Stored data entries

Start of Block

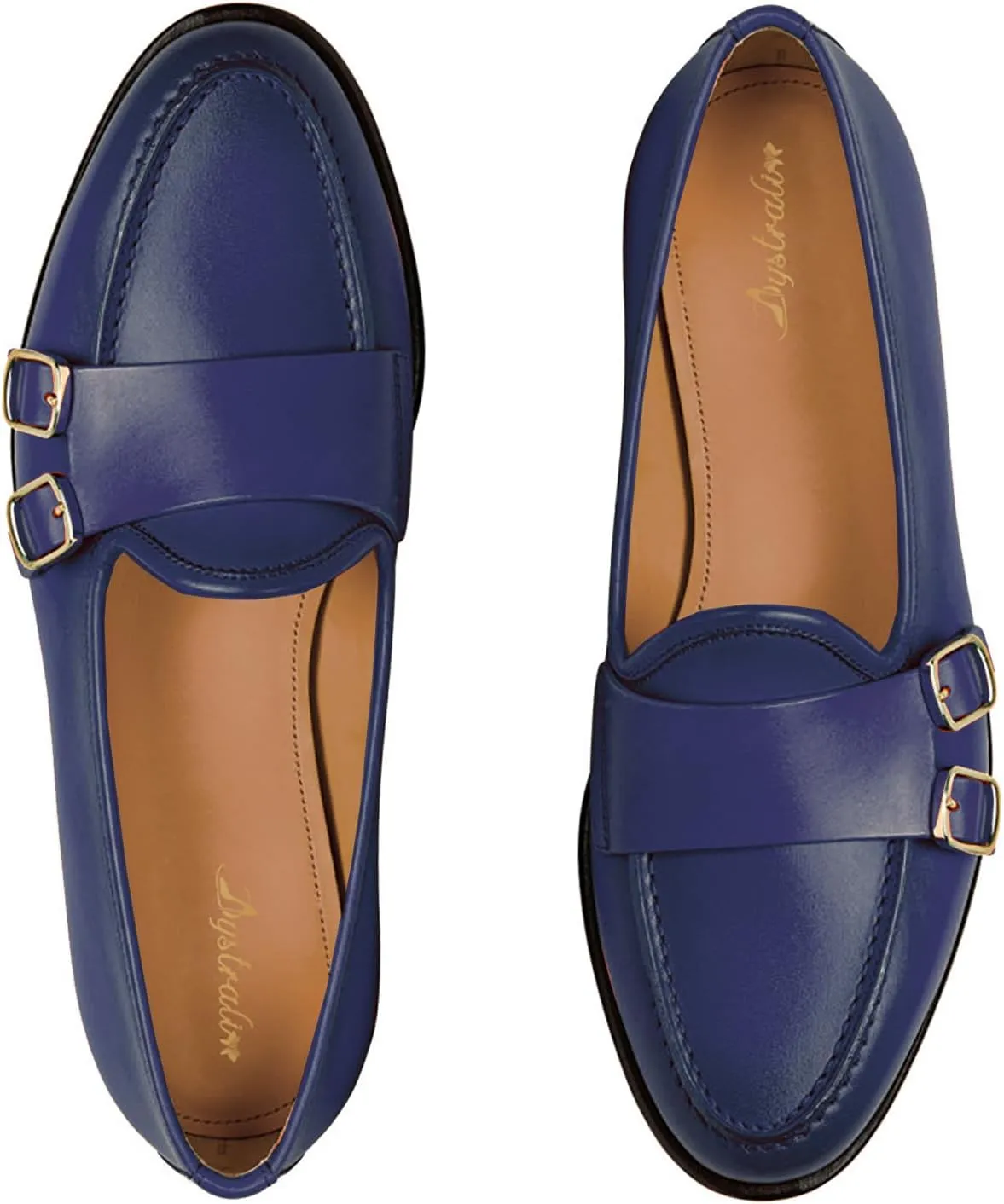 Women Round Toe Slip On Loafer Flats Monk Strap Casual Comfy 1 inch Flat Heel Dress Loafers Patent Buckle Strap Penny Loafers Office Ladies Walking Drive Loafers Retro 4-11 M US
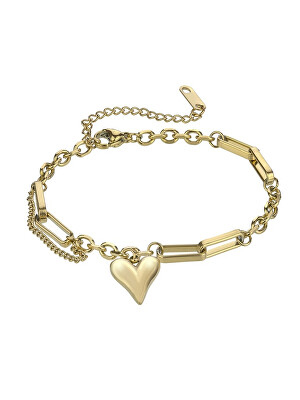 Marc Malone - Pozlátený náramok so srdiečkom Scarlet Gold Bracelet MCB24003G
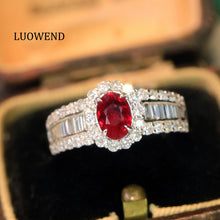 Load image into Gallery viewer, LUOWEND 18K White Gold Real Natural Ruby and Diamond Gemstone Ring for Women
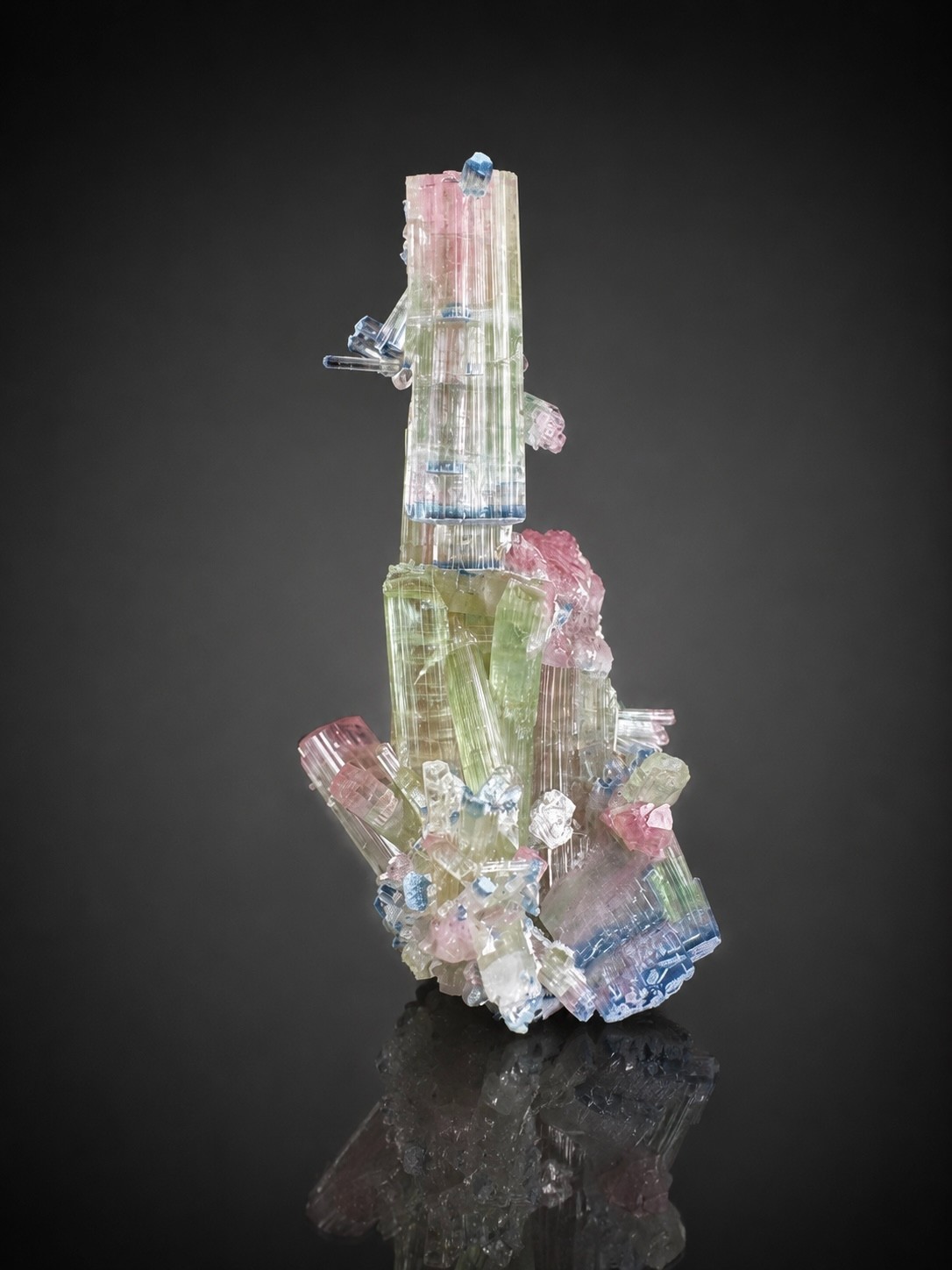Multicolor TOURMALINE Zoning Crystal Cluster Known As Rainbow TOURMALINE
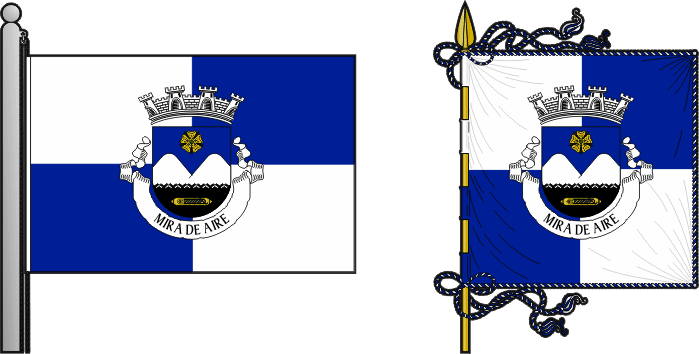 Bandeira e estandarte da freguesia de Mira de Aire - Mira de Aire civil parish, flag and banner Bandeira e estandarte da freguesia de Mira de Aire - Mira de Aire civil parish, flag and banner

End of Block

WHAT IS REQUIRED -
Every line between the one containing "Multicolor TOURMALINE Zoning" and the last line of the data above, both included, should be copied exactly, but not the pictures.

SOLVED PROBLEM -
Multicolor TOURMALINE Zoning Crystal Cluster Known As Rainbow TOURMALINE
 Bandeira e estandarte da freguesia de Mira de Aire - Mira de Aire civil parish, flag and banner Bandeira e estandarte da freguesia de Mira de Aire - Mira de Aire civil parish, flag and banner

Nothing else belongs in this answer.